Four Lions schert sich keinen Augenblick um das, was man vielleicht nicht zeigen oder worüber man sich vielleicht nicht lustig machen dürfte. Das ist seine große Qualität, wobei die konsequente Auslassung jeder politischen Korrektheit allein noch keinen guten Film ergäbe. In den äußerst treffsicheren, mitunter mehr als schwarzen Pointen – so kommt es mehr als nur einmal zu todbringenden Missverständnissen und Verwechslungen – versteckt Regisseur Christopher Morris eine ziemlich clevere Dekonstruktion von religiösem Eifer und eines offenkundig gestörten Weltbildes. Obwohl hier auf den islamistischen Terror bezogen, lässt sich die Lesart des Films auf jedwede Art von Extremismus problemlos erweitern. In allen Fällen werden Menschen instrumentalisiert, indoktriniert und mit absurden Versprechungen manipuliert.

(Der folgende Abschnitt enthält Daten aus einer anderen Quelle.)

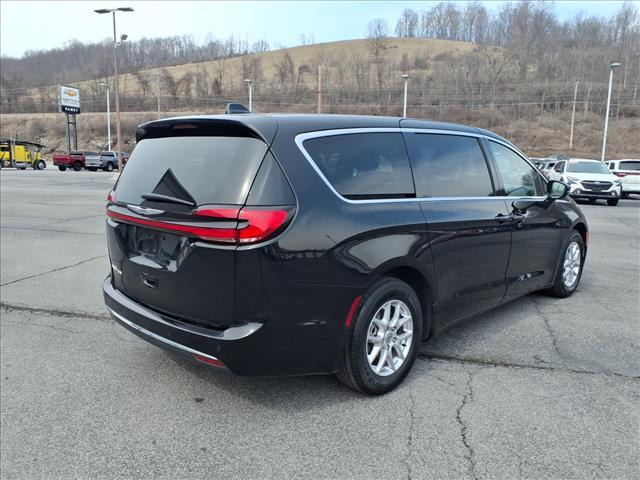 Chrysler Pacifica 2024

Obgleich gewisse, besonders skurrile Einfälle ab sofort immer wieder nacherzählt und zitiert werden dürften – Fessals missglückte Versuche, eine Krähe als fliegenden Bombenkurier auszubilden, die hinreißend amateurhaften Outtakes ihrer Bekennervideos –, besteht Four Lions nicht allein aus lauten Gags. Erschreckend ist, wie selbstverständlich Omars Frau – eine Krankenschwester – den Plan ihres Mannes unterstützt. Sie versucht erst gar nicht, ihm die grausame und feige Tat auszureden. Es sind Beobachtungen wie diese, in die Morris schmerzhafte Wahrheiten über Verblendung und Fanatismus verpackt. Sein Film tritt selbstbewusst für einen säkularen Staat und eine freie Gesellschaft ein. Dass er dabei bis zum Ende sein hohes Tempo beibehält und überdies nie seinen Biss verliert, macht aus ihm eine uneingeschränkt sehenswerte Satire.
Für Programmkino.de.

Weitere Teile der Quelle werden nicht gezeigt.